Salvador Sostres - Todo irá bien

Ganar del día

«De momento procuro ir a desayunar cada día que puedo: me gusta mezclarme en su ambiente, en su aire como de vida resuelta antes de afrontar la jornada»

Salvador Sostres
BarcelonaActualizado:

Por mi querido Roberto Ferrero -rico- conocí las Mantequerías Pirenaicas, en Muntaner frente a la plaza Adriano. Soberbia granja donde desayuna la derecha. Incluso en lo funcional -y Mantequerías no es el bar del Círculo del Liceo- hay una estética, un ritmo de la derecha. Los camareros son más amables, más sonrientes, saben los nombres de los clientes, sirven más delicadamente y entienden que el desayuno es el momento más íntimo, más sagrado, y no dan conversación a quien no la pide, ni hacen preguntas innecesarias, ni hay que repetirles las cosas dos veces porque todo lo entienden a la primera y lo ejecutan muy rápido.
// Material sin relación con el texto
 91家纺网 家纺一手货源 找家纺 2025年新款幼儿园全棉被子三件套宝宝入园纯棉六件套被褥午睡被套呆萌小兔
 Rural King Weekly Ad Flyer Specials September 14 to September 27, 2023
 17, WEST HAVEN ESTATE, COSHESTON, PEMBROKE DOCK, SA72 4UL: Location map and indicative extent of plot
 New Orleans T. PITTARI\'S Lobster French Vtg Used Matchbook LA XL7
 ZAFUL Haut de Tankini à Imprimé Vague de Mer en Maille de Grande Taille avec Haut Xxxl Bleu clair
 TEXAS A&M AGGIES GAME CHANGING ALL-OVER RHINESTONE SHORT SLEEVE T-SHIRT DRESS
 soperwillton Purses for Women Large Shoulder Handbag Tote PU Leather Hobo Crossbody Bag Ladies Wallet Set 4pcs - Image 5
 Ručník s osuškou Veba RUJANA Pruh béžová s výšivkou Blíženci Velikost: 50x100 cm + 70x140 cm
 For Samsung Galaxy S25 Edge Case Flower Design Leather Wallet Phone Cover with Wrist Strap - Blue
En Mantequerías el servicio tiene todas estas características y los bocadillos responden a la misma lógica. El pan es tierno, nunca de ayer, el jamón no escasea y es ibérico. Hay una generosidad en los productos proporcional a la diligencia de los camareros. Nunca he almorzado ahí, pero dicen los que lo han hecho que el cocinero se formó en Hofmann y es excelente. Hablan en su favor las conservas que usa, Peperete, y una selección de vinos jamás vista en una granja que sirve desayunos. Espero poder poner en breve a prueba el tan celebrado talento del chef, y daré en esta página cuenta de ello.
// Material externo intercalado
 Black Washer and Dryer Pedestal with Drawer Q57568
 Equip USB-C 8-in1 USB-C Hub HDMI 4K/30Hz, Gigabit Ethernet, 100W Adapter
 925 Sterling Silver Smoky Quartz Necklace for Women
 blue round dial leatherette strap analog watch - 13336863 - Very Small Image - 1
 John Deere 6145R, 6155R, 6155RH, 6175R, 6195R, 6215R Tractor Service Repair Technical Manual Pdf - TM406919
De momento procuro ir a desayunar cada día que puedo: me gusta mezclarme en su ambiente, en su aire como de vida resuelta antes de afrontar la jornada. Me gustan los pijos con su aire un poco estúpido, porque yo siempre les he presumido un buen corazón: y en cualquier caso prefiero a un estúpido que a un resentido, y un exceso de gomina a un recital de mugre. Me gustan también las señoras que frecuentan la casa: ya de una cierta edad, pero con un plus de clase que las hace parecer más jóvenes. Y esa piel de las cuincuentonas que se la han cuidado con los cosméticos adecuados me parece también muy interesante, aunque no supla la tensión -esa tensión- de los veinte años.
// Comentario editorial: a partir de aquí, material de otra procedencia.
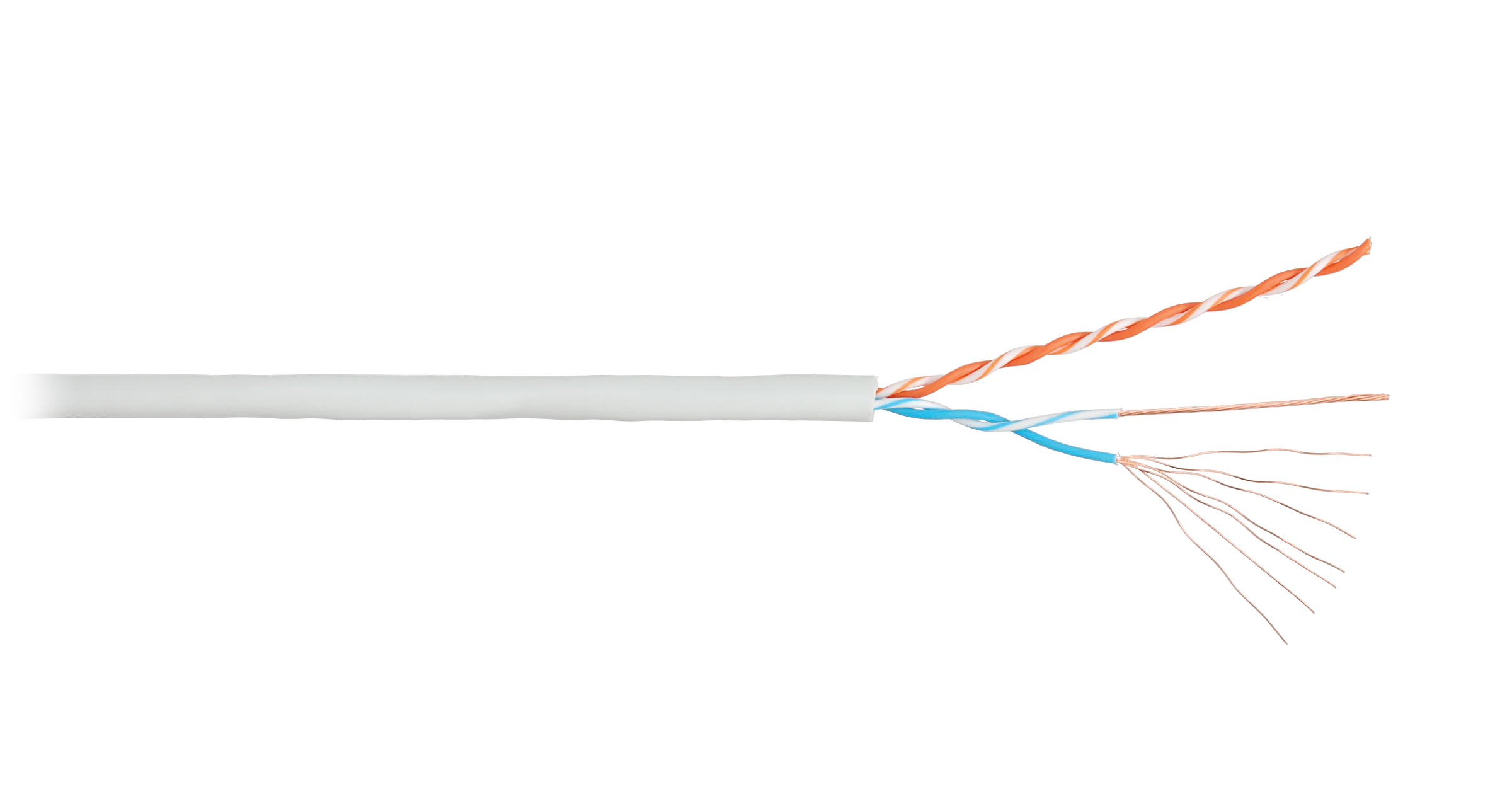 Кабель NIKOLAN U/UTP 2 пары, Кат.5 (Класс D), 100МГц, многожильный, BC (чистая медь), 24AWG (7х0,192мм), внутренний, PVC нг(А), светло-серый, 305м - гарантия: 1 год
Al local, cómodo dentro del bullicio, y muy bien cuidado, le sobra iluminación. Tiene algo de pabellón multideportivo. ¿Para qué tanta luz? Como si tuviéramos que ver si es penalti. Fácil de corregir este detalle. Le dará más calidad al ambiente y un mejor bienestar a los clientes. Desayunar en Mantequerías Pirenaicas es empezar el día habiéndolo ganado.